What is needed> Type out each entry exactly.

*** Data ***

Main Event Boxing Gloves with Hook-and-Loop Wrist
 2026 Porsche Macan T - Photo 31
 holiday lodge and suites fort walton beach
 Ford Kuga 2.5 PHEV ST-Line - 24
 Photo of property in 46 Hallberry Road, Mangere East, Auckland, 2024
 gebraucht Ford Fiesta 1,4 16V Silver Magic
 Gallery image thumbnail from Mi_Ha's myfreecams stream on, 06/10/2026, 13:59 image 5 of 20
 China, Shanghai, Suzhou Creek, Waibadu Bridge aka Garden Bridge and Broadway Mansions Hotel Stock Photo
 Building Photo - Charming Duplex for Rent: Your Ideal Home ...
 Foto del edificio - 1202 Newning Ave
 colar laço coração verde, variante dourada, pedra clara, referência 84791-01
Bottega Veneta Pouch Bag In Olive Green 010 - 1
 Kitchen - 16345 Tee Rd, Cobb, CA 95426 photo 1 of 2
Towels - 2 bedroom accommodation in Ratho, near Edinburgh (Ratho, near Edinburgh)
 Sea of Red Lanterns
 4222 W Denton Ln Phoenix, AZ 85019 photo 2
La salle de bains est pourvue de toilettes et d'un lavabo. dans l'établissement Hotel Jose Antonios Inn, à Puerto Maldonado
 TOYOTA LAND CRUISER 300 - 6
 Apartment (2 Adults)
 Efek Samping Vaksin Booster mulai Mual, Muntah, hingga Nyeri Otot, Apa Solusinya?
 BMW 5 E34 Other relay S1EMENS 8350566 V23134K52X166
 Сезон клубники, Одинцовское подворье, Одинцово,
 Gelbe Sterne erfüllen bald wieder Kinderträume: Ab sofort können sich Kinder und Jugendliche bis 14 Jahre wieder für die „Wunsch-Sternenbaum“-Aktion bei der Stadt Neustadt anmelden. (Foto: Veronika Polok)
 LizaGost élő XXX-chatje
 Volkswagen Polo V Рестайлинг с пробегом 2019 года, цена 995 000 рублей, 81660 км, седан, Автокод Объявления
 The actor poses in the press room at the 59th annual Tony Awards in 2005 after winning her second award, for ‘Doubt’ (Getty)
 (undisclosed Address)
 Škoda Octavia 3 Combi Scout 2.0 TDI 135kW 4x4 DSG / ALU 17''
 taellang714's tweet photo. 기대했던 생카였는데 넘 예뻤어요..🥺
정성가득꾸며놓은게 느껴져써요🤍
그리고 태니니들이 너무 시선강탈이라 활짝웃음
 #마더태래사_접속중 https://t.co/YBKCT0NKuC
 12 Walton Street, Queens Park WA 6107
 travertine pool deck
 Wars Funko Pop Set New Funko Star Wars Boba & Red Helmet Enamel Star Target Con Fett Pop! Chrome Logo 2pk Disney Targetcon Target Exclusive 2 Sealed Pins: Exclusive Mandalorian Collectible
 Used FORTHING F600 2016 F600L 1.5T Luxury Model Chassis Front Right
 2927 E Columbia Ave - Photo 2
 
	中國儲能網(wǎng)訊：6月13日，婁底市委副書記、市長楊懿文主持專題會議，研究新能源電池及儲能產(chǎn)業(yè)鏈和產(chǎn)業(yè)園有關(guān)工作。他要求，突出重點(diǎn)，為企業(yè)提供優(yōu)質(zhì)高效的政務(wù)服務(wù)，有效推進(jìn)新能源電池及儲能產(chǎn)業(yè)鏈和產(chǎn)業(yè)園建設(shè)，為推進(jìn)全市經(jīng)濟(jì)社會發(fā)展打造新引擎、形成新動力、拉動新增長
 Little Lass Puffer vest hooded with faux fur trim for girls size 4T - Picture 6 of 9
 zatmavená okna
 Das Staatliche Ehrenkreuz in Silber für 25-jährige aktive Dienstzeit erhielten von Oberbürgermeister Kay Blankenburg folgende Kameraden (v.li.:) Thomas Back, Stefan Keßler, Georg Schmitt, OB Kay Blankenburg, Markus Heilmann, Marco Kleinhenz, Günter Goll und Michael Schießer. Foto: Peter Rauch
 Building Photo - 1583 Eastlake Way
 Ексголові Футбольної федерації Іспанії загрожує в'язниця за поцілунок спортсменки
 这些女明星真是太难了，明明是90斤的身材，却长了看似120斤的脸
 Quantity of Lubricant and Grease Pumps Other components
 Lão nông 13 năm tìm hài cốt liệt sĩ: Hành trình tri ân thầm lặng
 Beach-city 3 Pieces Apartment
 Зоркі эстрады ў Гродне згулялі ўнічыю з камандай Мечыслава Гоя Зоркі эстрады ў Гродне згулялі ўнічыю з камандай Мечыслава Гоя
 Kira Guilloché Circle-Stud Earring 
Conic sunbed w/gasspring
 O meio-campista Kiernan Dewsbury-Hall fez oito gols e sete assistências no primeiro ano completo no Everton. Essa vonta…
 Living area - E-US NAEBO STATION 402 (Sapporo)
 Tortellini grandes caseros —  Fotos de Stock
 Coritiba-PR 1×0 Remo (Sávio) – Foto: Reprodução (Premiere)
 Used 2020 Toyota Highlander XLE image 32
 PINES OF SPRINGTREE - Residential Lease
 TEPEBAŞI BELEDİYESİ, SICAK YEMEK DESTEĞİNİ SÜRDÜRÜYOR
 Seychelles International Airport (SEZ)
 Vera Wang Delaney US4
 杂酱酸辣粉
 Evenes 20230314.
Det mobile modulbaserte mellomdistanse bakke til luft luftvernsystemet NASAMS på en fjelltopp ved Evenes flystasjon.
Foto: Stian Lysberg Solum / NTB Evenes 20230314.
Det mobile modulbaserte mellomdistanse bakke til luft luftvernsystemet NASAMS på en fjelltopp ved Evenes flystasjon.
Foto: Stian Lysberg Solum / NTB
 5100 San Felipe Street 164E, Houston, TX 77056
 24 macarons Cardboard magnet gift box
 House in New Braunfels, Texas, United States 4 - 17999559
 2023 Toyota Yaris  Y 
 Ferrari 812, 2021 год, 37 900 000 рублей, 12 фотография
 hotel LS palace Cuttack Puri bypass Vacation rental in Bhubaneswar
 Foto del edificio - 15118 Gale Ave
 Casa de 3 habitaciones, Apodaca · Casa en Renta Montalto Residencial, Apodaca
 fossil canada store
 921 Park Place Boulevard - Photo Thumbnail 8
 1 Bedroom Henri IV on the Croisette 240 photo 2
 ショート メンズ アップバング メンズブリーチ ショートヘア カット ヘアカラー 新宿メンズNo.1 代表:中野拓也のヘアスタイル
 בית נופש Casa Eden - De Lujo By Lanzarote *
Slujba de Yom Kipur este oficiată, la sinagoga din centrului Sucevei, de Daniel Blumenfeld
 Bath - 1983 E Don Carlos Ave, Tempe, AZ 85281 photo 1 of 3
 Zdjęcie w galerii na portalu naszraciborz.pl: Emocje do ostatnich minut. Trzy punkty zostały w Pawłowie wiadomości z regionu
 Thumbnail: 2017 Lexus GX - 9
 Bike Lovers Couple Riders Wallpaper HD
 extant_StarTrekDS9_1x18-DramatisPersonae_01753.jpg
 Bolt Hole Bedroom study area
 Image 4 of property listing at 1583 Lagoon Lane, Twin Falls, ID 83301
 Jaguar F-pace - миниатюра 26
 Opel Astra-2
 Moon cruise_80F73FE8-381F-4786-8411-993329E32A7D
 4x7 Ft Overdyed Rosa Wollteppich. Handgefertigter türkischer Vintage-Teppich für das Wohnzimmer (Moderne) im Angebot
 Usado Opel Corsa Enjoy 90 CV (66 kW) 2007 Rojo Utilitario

*** End of Data ***

Result below>
Main Event Boxing Gloves with Hook-and-Loop Wrist
 2026 Porsche Macan T - Photo 31
 holiday lodge and suites fort walton beach
 Ford Kuga 2.5 PHEV ST-Line - 24
 Photo of property in 46 Hallberry Road, Mangere East, Auckland, 2024
 gebraucht Ford Fiesta 1,4 16V Silver Magic
 Gallery image thumbnail from Mi_Ha's myfreecams stream on, 06/10/2026, 13:59 image 5 of 20
 China, Shanghai, Suzhou Creek, Waibadu Bridge aka Garden Bridge and Broadway Mansions Hotel Stock Photo
 Building Photo - Charming Duplex for Rent: Your Ideal Home ...
 Foto del edificio - 1202 Newning Ave
 colar laço coração verde, variante dourada, pedra clara, referência 84791-01
Bottega Veneta Pouch Bag In Olive Green 010 - 1
 Kitchen - 16345 Tee Rd, Cobb, CA 95426 photo 1 of 2
Towels - 2 bedroom accommodation in Ratho, near Edinburgh (Ratho, near Edinburgh)
 Sea of Red Lanterns
 4222 W Denton Ln Phoenix, AZ 85019 photo 2
La salle de bains est pourvue de toilettes et d'un lavabo. dans l'établissement Hotel Jose Antonios Inn, à Puerto Maldonado
 TOYOTA LAND CRUISER 300 - 6
 Apartment (2 Adults)
 Efek Samping Vaksin Booster mulai Mual, Muntah, hingga Nyeri Otot, Apa Solusinya?
 BMW 5 E34 Other relay S1EMENS 8350566 V23134K52X166
 Сезон клубники, Одинцовское подворье, Одинцово,
 Gelbe Sterne erfüllen bald wieder Kinderträume: Ab sofort können sich Kinder und Jugendliche bis 14 Jahre wieder für die „Wunsch-Sternenbaum“-Aktion bei der Stadt Neustadt anmelden. (Foto: Veronika Polok)
 LizaGost élő XXX-chatje
 Volkswagen Polo V Рестайлинг с пробегом 2019 года, цена 995 000 рублей, 81660 км, седан, Автокод Объявления
 The actor poses in the press room at the 59th annual Tony Awards in 2005 after winning her second award, for ‘Doubt’ (Getty)
 (undisclosed Address)
 Škoda Octavia 3 Combi Scout 2.0 TDI 135kW 4x4 DSG / ALU 17''
 taellang714's tweet photo. 기대했던 생카였는데 넘 예뻤어요..🥺
정성가득꾸며놓은게 느껴져써요🤍
그리고 태니니들이 너무 시선강탈이라 활짝웃음
 #마더태래사_접속중 https://t.co/YBKCT0NKuC
 12 Walton Street, Queens Park WA 6107
 travertine pool deck
 Wars Funko Pop Set New Funko Star Wars Boba & Red Helmet Enamel Star Target Con Fett Pop! Chrome Logo 2pk Disney Targetcon Target Exclusive 2 Sealed Pins: Exclusive Mandalorian Collectible
 Used FORTHING F600 2016 F600L 1.5T Luxury Model Chassis Front Right
 2927 E Columbia Ave - Photo 2
 
	中國儲能網(wǎng)訊：6月13日，婁底市委副書記、市長楊懿文主持專題會議，研究新能源電池及儲能產(chǎn)業(yè)鏈和產(chǎn)業(yè)園有關(guān)工作。他要求，突出重點(diǎn)，為企業(yè)提供優(yōu)質(zhì)高效的政務(wù)服務(wù)，有效推進(jìn)新能源電池及儲能產(chǎn)業(yè)鏈和產(chǎn)業(yè)園建設(shè)，為推進(jìn)全市經(jīng)濟(jì)社會發(fā)展打造新引擎、形成新動力、拉動新增長
 Little Lass Puffer vest hooded with faux fur trim for girls size 4T - Picture 6 of 9
 zatmavená okna
 Das Staatliche Ehrenkreuz in Silber für 25-jährige aktive Dienstzeit erhielten von Oberbürgermeister Kay Blankenburg folgende Kameraden (v.li.:) Thomas Back, Stefan Keßler, Georg Schmitt, OB Kay Blankenburg, Markus Heilmann, Marco Kleinhenz, Günter Goll und Michael Schießer. Foto: Peter Rauch
 Building Photo - 1583 Eastlake Way
 Ексголові Футбольної федерації Іспанії загрожує в'язниця за поцілунок спортсменки
 这些女明星真是太难了，明明是90斤的身材，却长了看似120斤的脸
 Quantity of Lubricant and Grease Pumps Other components
 Lão nông 13 năm tìm hài cốt liệt sĩ: Hành trình tri ân thầm lặng
 Beach-city 3 Pieces Apartment
 Зоркі эстрады ў Гродне згулялі ўнічыю з камандай Мечыслава Гоя Зоркі эстрады ў Гродне згулялі ўнічыю з камандай Мечыслава Гоя
 Kira Guilloché Circle-Stud Earring 
Conic sunbed w/gasspring
 O meio-campista Kiernan Dewsbury-Hall fez oito gols e sete assistências no primeiro ano completo no Everton. Essa vonta…
 Living area - E-US NAEBO STATION 402 (Sapporo)
 Tortellini grandes caseros —  Fotos de Stock
 Coritiba-PR 1×0 Remo (Sávio) – Foto: Reprodução (Premiere)
 Used 2020 Toyota Highlander XLE image 32
 PINES OF SPRINGTREE - Residential Lease
 TEPEBAŞI BELEDİYESİ, SICAK YEMEK DESTEĞİNİ SÜRDÜRÜYOR
 Seychelles International Airport (SEZ)
 Vera Wang Delaney US4
 杂酱酸辣粉
 Evenes 20230314.
Det mobile modulbaserte mellomdistanse bakke til luft luftvernsystemet NASAMS på en fjelltopp ved Evenes flystasjon.
Foto: Stian Lysberg Solum / NTB Evenes 20230314.
Det mobile modulbaserte mellomdistanse bakke til luft luftvernsystemet NASAMS på en fjelltopp ved Evenes flystasjon.
Foto: Stian Lysberg Solum / NTB
 5100 San Felipe Street 164E, Houston, TX 77056
 24 macarons Cardboard magnet gift box
 House in New Braunfels, Texas, United States 4 - 17999559
 2023 Toyota Yaris  Y 
 Ferrari 812, 2021 год, 37 900 000 рублей, 12 фотография
 hotel LS palace Cuttack Puri bypass Vacation rental in Bhubaneswar
 Foto del edificio - 15118 Gale Ave
 Casa de 3 habitaciones, Apodaca · Casa en Renta Montalto Residencial, Apodaca
 fossil canada store
 921 Park Place Boulevard - Photo Thumbnail 8
 1 Bedroom Henri IV on the Croisette 240 photo 2
 ショート メンズ アップバング メンズブリーチ ショートヘア カット ヘアカラー 新宿メンズNo.1 代表:中野拓也のヘアスタイル
 בית נופש Casa Eden - De Lujo By Lanzarote *
Slujba de Yom Kipur este oficiată, la sinagoga din centrului Sucevei, de Daniel Blumenfeld
 Bath - 1983 E Don Carlos Ave, Tempe, AZ 85281 photo 1 of 3
 Zdjęcie w galerii na portalu naszraciborz.pl: Emocje do ostatnich minut. Trzy punkty zostały w Pawłowie wiadomości z regionu
 Thumbnail: 2017 Lexus GX - 9
 Bike Lovers Couple Riders Wallpaper HD
 extant_StarTrekDS9_1x18-DramatisPersonae_01753.jpg
 Bolt Hole Bedroom study area
 Image 4 of property listing at 1583 Lagoon Lane, Twin Falls, ID 83301
 Jaguar F-pace - миниатюра 26
 Opel Astra-2
 Moon cruise_80F73FE8-381F-4786-8411-993329E32A7D
 4x7 Ft Overdyed Rosa Wollteppich. Handgefertigter türkischer Vintage-Teppich für das Wohnzimmer (Moderne) im Angebot
 Usado Opel Corsa Enjoy 90 CV (66 kW) 2007 Rojo Utilitario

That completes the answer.